I think I have solved the second part of the question correctly as:

$x_1+ x_2+.....+x_{10}= 45$ (Technique: Stars and Bars)

This has$\dbinom {55}{45}$ solutions.

Now how do I solve the first part?

Progress till now:

We need solutions of

$x_1+x_2....+x_{10} = 90$

This has $\dbinom{99}{90}$ solutions. Now from this how do I eliminate the solutions when any two bags contain same number of books? It seems to be really tough. Also, the bags are identical which adds to the trouble.

Answer 1

You are looking for the number of distinct partitions of $100$ items into $10$ non-equal parts.

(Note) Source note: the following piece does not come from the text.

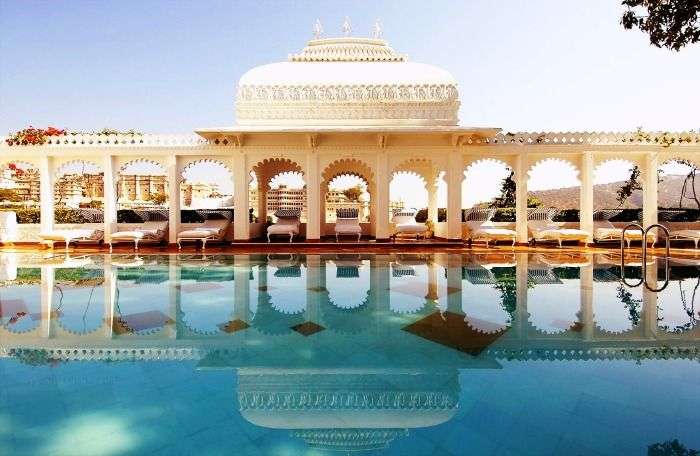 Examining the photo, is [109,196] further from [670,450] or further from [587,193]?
[587,193]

As partitions are unordered (because the bags are indistinguishable), we can choose to have them in ascending order. Then since we are aware that each bag's book count is strict bigger than the previous bag, we can subtract off $0,1,2,\ldots$ books from the successive bags to leave a partition which is still ordered, still nonzero books in each bag, but now the adjacent bags may have identical book counts. Here we have removed a total of $45$ books for a $10$-way partition over $55$ remaining books without the requirement for all-different book counts.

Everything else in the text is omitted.